Mindfulness meditation is effective in taming an agitated mind because it helps you identify the cause of your mental agitation and it eliminates or reduces it as much as possible. There are many mindfulness meditation techniques you can practice. Choose the right one – based on your lifestyle and temperament – and experience silence and stillness.
For beginners, meditate every other day for short periods of time, as brief as 10-15 minutes. Sit with your eyes closed in a quiet corner where you won’t be bombarded with any kind of distraction. Pay attention to your breathing as air enters through your nose and as it leaves your mouth. Count your breaths from one to five and start again. Don’t count aloud.
Your mind will naturally wander off. If this happens, don’t worry. Just get back to focusing on your breath and counting it. Counting is necessary as it will help you pay attention and to keep connected to the present moment. Notice that your mind is quieter after a few minutes of meditating.
Mindful breathing can be easily done any time of the day, wherever you are. Drop whatever you are doing and start with three-five mindful breaths. Close your eyes and feel the air going in and out of your nose and passing through your chest and stomach. You can put your hands on your stomach and focus on the rise and fall motion as you breathe. Just let your breath flow at its normal depth and speed. Accept your breathing as it is. It may slowly deepen or slow down; it doesn’t matter, just go with the flow. If your mind is running a mile a minute, mindful breathing meditation can easily stop it and give you peace of mind.

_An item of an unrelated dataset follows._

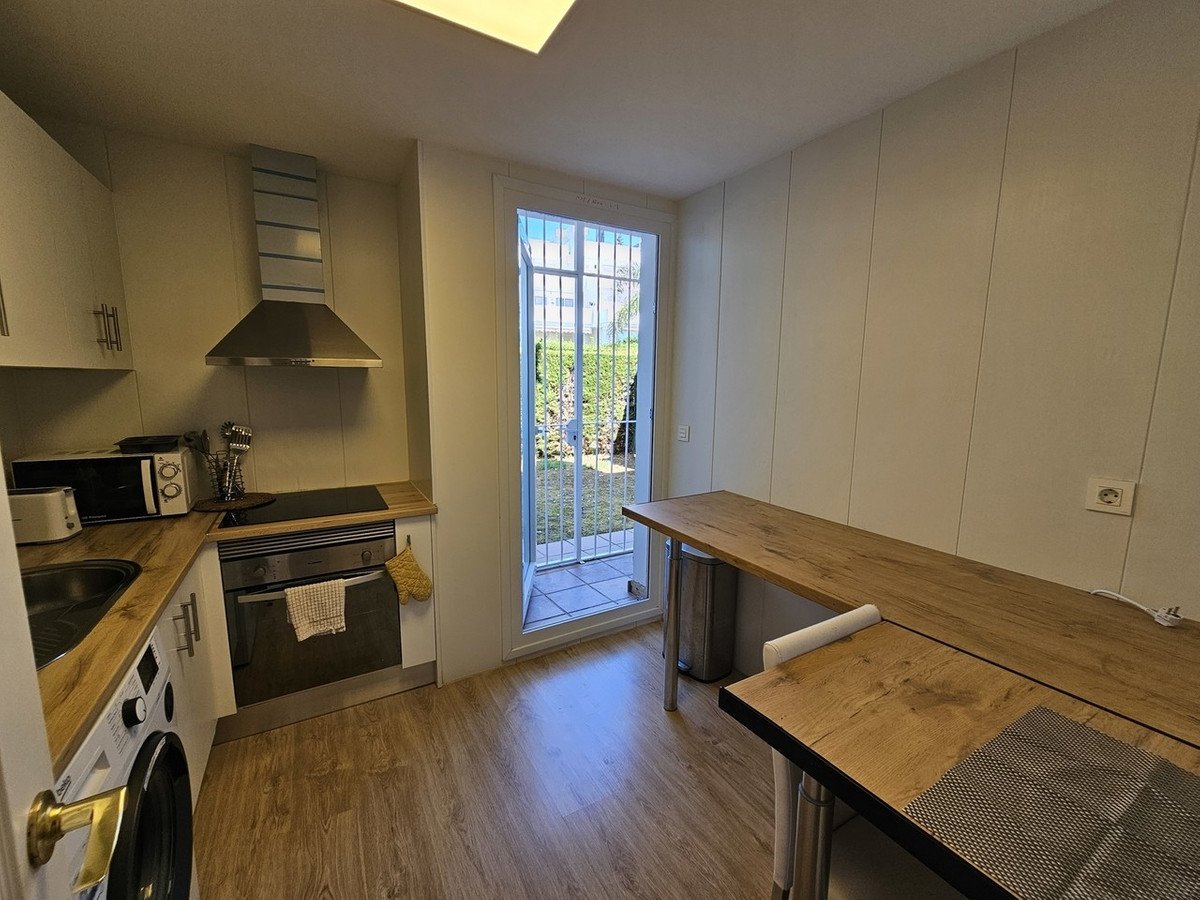 2 Bed Ground Floor Apartment in El Paraiso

You can practice the mindful walking technique at any time you need to walk somewhere – walking back to your car from the supermarket can be an opportunity to practice walking meditation. Walked at a relaxed, normal pace. Focus on what you are feeling inside your body as you walk. If you find your mind wandering to the sights along the way, this is normal. Just bring your focus back to what is happening to you internally. The idea is to pay attention to the physical experience of walking – from alternating between your left foot and right foot to the motion of your arms and hips as you walk. Mindful walking slows down your thoughts and calms your frantic mind.